家族に愛された記憶のない人へ捧ぐ至高の処方箋! カルト王の輝く青春『エンドレス・ポエトリー』

アレハンドロ・ホドロフスキー監督の自伝映画『エンドレス・ポエトリー』。青春期の記憶がマジックリアリズムの世界で眩しく蘇る。

 親から温かい言葉を掛けられたことがない。家族で一緒に過ごした楽しい思い出がまるでない。お盆にお墓参りすることも、お正月に帰省することも疎遠になってしまった──。そんな人におススメなのが、アレハンドロ・ホドロフスキー監督の最新作『エンドレス・ポエトリー』だ。本作は御年88歳になるホドロフスキー監督が、自身の青春時代を振り返った自伝的映画。実家を飛び出した主人公が運命の恋人や芸術家仲間たちと出逢い、両親の呪縛から解き放たれていく姿を色彩豊かに描いた映像詩となっている。道なき道を進もうとする若き日の自分を、ホドロフスキー監督が叱咤激励する形で物語は進んでいく。

 ストーリーに触れる前に、ホドロフスキー監督がどんなにグレートな人物であるかをご紹介。1929年、南米チリ生まれのホドロフスキー監督は、『エル・トポ』(70)や『ホーリー・マウンテン』(73)といった超シュールな作品で知られるカルト映画の王様。1975年にはSF大作『デューン』の製作に取り組み、絵コンテにフランスコミック界のビッグネームであるメビウス、デザインに新進画家だったH・R・ギーガーを起用。残念なことに『デューン』の企画はハリウッドの大手スタジオに反対されて頓挫したものの、このときの絵コンテやデザイン画は『スター・ウォーズ』(77)や『エイリアン』(79)などの人気SF映画に多大な影響を与えている。

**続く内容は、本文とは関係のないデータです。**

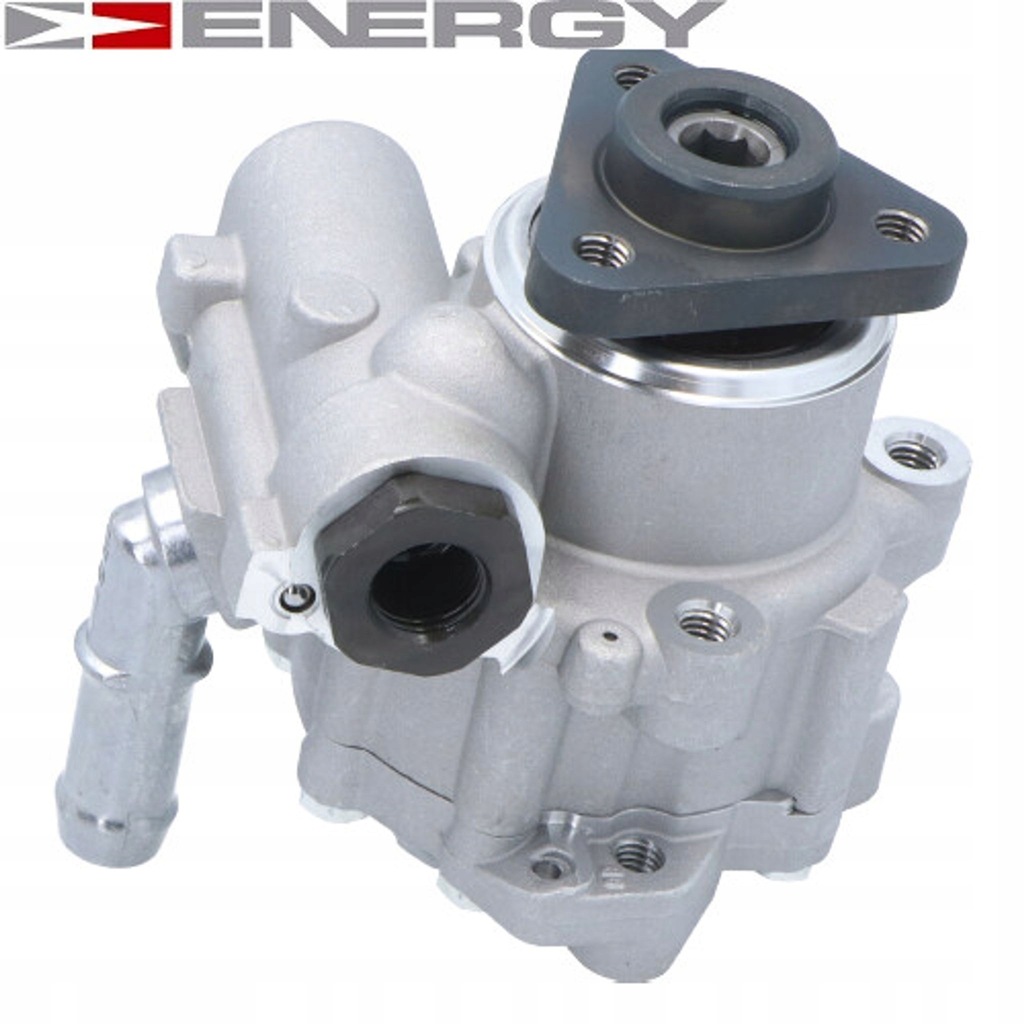 фото №12, Насос підсилювача jaguar f-type xf xj xk energy pw690295 насос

 映画監督としては不遇の時代が続いたホドロフスキー監督だったが、お蔵入りした『デューン』の舞台裏を再現したドキュメンタリー映画『ホドロフスキーのDUNE』(13)の撮影で『デューン』のプロデューサーだった旧友ミシェル・セドゥーと感動の再会。彼の支援によって『リアリティのダンス』(13)を撮り、23年ぶりに映画界への復活を果たした。80歳を過ぎて枯れるどころか、頭の中に止めどなく溢れ出る鮮烈なイメージを自由自在に映像化してみせる映画仙人のごとき存在となっていたのだ。

 ホドロフスキー監督の故郷チリで撮影された『エンドレス・ポエトリー』は、監督の少年期と変わり者の両親にスポットライトを当てた『リアリティのダンス』に続く、ホドロフスキー人生劇場の第二幕。家族との葛藤も、命懸けの恋愛も、青春の蹉跌も、すべて南米の明るい陽射しの中で撮影されたマジックリアリズムの世界へと昇華され、安くて美味いチリワインのような豊潤な味わいを感じさせる。ちなみに撮影監督は日本でも人気のクリストファー・ドイルだ。